Acusaciones populares





(Publicado en Diario SUR de Málaga el 19 de enero de 2025)

- Las reglas del juego (LXXX) - 



El juicio por la muerte de Luciana Borcino, salvajemente apuñalada y luego achicharrada en su casa de la calle Fuencarral de Madrid el 2 de julio de 1888, en el que sería acusada y condenada a la pena de muerte su empleada de hogar, Higinia Balaguer, fue uno de los primeros casos en los que intervino la acusación popular, introducida en nuestro país unos cuantos años antes. La ejerció un consorcio de la prensa de Madrid, que sufragó los gastos mediante una suscripción de sus propios lectores, algo muy parecido a los que hoy llamaríamos crowdfunding, dando cuenta a diario en sus periódicos del desarrollo de todas las sesiones del pleito, en uno de los primeros juicios paralelos de nuestra historia. Desde entonces, no ha sido extraño encontrar la acusación popular en casos que, aunque no siempre tan morbosos como este, llegaban a gozar de cierta popularidad ante la opinión pública.

Hace casi cincuenta años que la acusación popular fue incluida en nuestra Constitución como uno de los mecanismos de participación del pueblo en la acción de la justicia. Desde entonces, personarse en un pleito, aunque no se esté directamente perjudicado por el delito, puede llegar a suponer el ejercicio del derecho fundamental a la tutela judicial efectiva, y es por eso que los intentos de regularla, reduciendo los casos en los que podría estar presente, levantan siempre todo tipo de suspicacias.

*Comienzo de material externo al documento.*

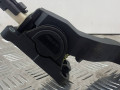 педаль Peugeot 206 1 поколение 2002, 1.6 л., бензин, МКПП, кабриолет, 0280755027, 0384D10, 9654877580 - фото №6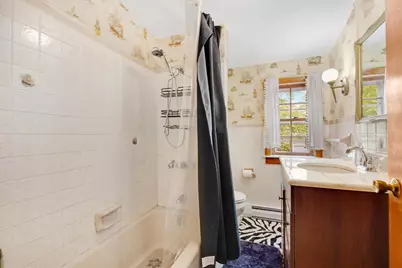 390 Brackett Road, Eastham, MA 02642 - Photo 35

Si en los siglos XIX y XX la acusación popular tuvo un gran protagonismo en casos escabrosos, en nuestros días ha sido decisiva para que sean juzgados graves delitos de corrupción política. Hay que reconocer, sin embargo, que la personación de partidos políticos y grupos afines en todo tipo de pleitos contra sus adversarios está contribuyendo en no poca medida a una indeseable politización de la justicia. Gracias a la sensatez de nuestros constituyentes, el reconocimiento constitucional de la acusación popular está supeditado a las condiciones que determine la Ley, así que es constitucionalmente posible que se legisle para poner freno al uso fraudulento que se pueda venir haciendo de ella. Por eso es lamentable que nuestros legisladores solo se acuerden de esos excesos cuando son ellos los perjudicados, y más lamentable aún que pretendan sin rubor aprobar normas generales para resolver problemas particulares de algunos de sus dirigentes. Tal como se está planteando la reforma de la acusación popular que acaba de iniciar su andadura en el Congreso, el remedio será probablemente peor que la enfermedad.